As part of the 2Zero partnership, the XL-Connect project is at the forefront of advancing smart and bidirectional charging for electric vehicles in Europe. The project has recently achieved a major milestone with the publication of three critical deliverables under Work Package 5: ‘D5.1 – Planning of Virtual and Real-World Demonstration Actions’; ‘D5.2 – Virtual Demonstration Actions’; ‘D5.3 – Real Demonstration Actions ‘. 

These documents lay the groundwork for both virtual and real-world testing of advanced charging strategies that aim to optimise the interaction between EVs and the energy grid. Together, these results showcase the project’s comprehensive approach to bridging simulation and reality in the development of next-generation EV charging solutions.

This deliverable provides the strategic framework for all demonstration activities carried out within WP5. It outlines the geographical and grid contexts of each demo site and introduces a set of Key Performance Indicators (KPIs) to assess the outcomes. A key contribution of this document is the mapping of synergies between virtual simulations and real-world applications, ensuring that lessons learnt in one domain are effectively transferred to the other.

The project’s overarching goal is to optimise the full charging chain, from energy supply to the end-user, through the implementation of smart and bidirectional charging (V2G/V2B). The planned demonstrations are designed to validate these charging strategies in diverse environments, including both private test settings and public use cases, where realistic user behaviour and grid interactions can be observed.

This deliverable focuses on the development and evaluation of advanced charging strategies in simulated environments. Virtual demonstrations allow the project to explore complex, large-scale scenarios that are not yet feasible in the real world due to infrastructure or market constraints.

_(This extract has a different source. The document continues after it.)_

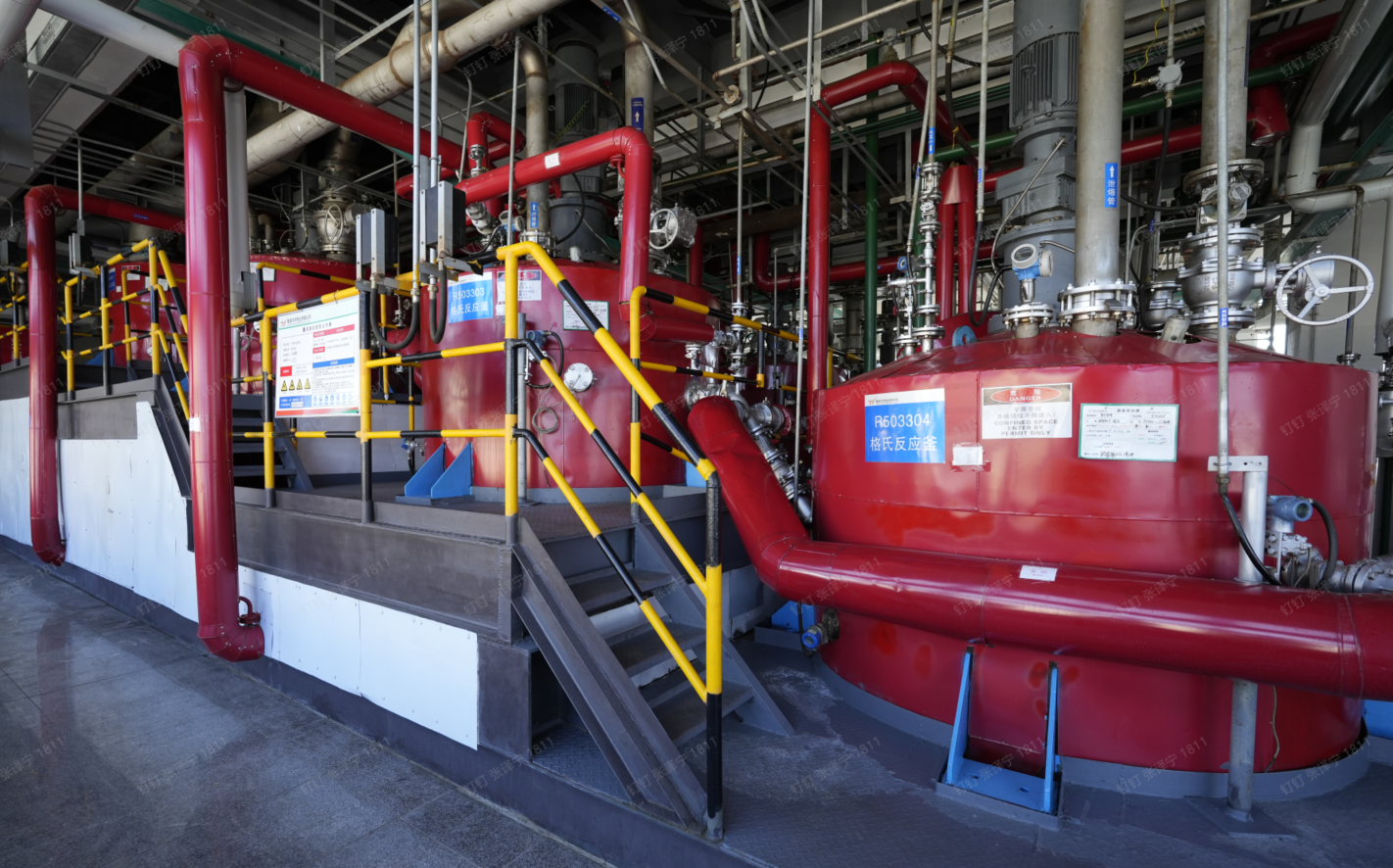 Continuous flow manufacturing equipment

Through simulations, XL-Connect can assess the performance, scalability, and robustness of V2G and V2B functionalities in a variety of use-cases. These insights are essential to guide future physical implementations and ensure that the solutions developed are both technically sound and practically viable.

The third deliverable translates theory into practice, detailing the implementation of real-world demonstration sites across Europe. Each site targets specific research questions and use-cases, adapted to local grid and regulatory conditions.

Despite existing market limitations, such as the low availability of V2G-capable vehicles and supporting infrastructure, XL-Connect has adopted innovative workarounds. These include using digital twins, hardware emulators, and stationary storage systems replicating bidirectional charging behaviour. The demonstration actions not only prove technical feasibility but also generate valuable data to inform future deployments at scale.

The results of Work Package 5 represent a critical step forward for the XL-Connect project and for Europe’s transition toward sustainable, intelligent mobility. By integrating virtual simulations with real-world validations, XL-Connect is paving the way for smarter energy exchange, stronger grid resilience, and a more flexible EV ecosystem.